I am grateful for the hon. Gentleman’s intervention. Of course, if there is any diversion between the regulations, the Scottish regulations will be better than any brought forward by DFT. I joke, but the Scottish Government—and presumably the Welsh Senedd—have been in discussions about this for a long time. In fact, the issues the Scottish Government have with clause 50 were recognised by the UK Government themselves. I say that not just because of the facts the hon. Gentleman pointed out in the explanatory notes, but because the Government themselves have said that clause 50 will require legislative consent. This is not the Scottish Government being uppity; the UK Government themselves have said that legislative consent would be required, but they have now ditched that approach and seek to implement clause 50 without seeking any legislative consent from the Scottish Parliament.

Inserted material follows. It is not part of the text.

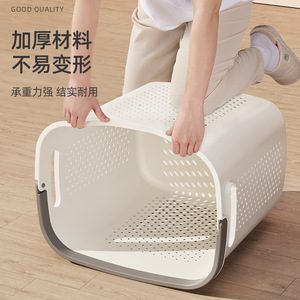 Laundry <b>Basket</b> Rectangle Cream <b>White</b> Portable Dirty Clothes <b>Storage</b> Home Bathroom Clothing Organizer - Product Image 2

What has happened says so much about the Government’s approach to devolution in recent years and completely overturns that principle of devolution. Either we have devolution or we do not—it is not for the Government to pick and choose which parts of legislation devolution is applied to. Devolution should apply in those areas that are not listed in the Scotland Act 1998. It is simple as that, yet the Government seem to want to change the rules and move the goalposts at will to stymie devolution at almost every turn. They snatch power from a democratically elected Parliament and Government and give it to a Minister of the UK Government, who it is fair to say currently have zero mandate in Scotland. That may change come a future election, but at this point this Government have no real mandate in Scotland, and yet they seek to override the will of the elected Parliament of Scotland.

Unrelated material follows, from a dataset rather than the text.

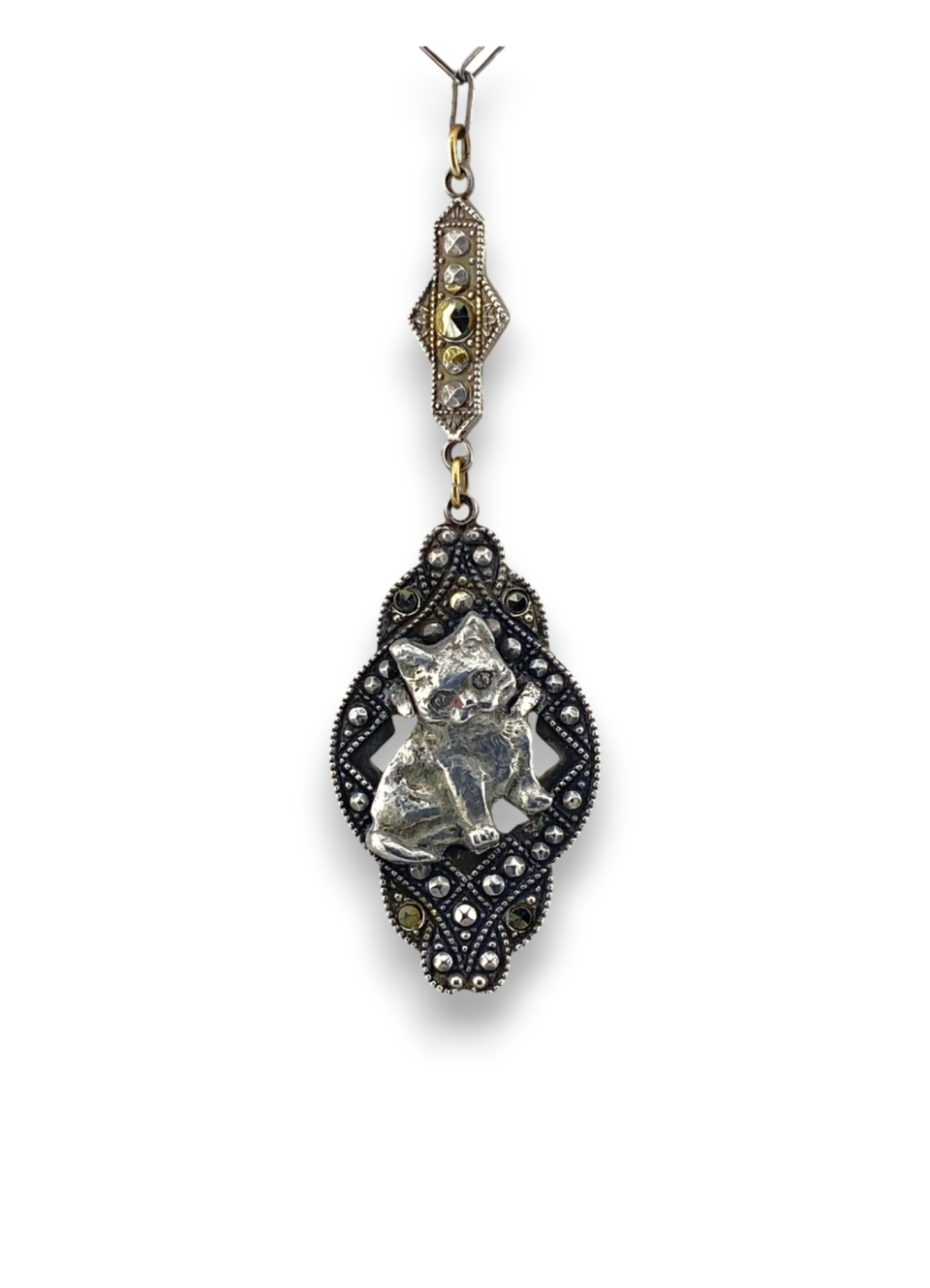 Art Deco Marcasite Cat Necklace Sterling Silver Lavalier 16 Inch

The amendments in my name and those of Plaid Cymru colleagues would remedy that democratic deficit by placing a statutory obligation on the Secretary of State to obtain consent from the Scottish Parliament and/or the Senedd before legislating in areas that are not properly theirs to legislate in. The Scottish Government have made it clear throughout the consultation and drafting process that working across borders on issues such as this—as alluded to by the hon. Member for Easington, who serves with me on the Transport Committee—is undoubtedly good sense, benefiting the automated vehicle sector and ultimately all consumers across these isles.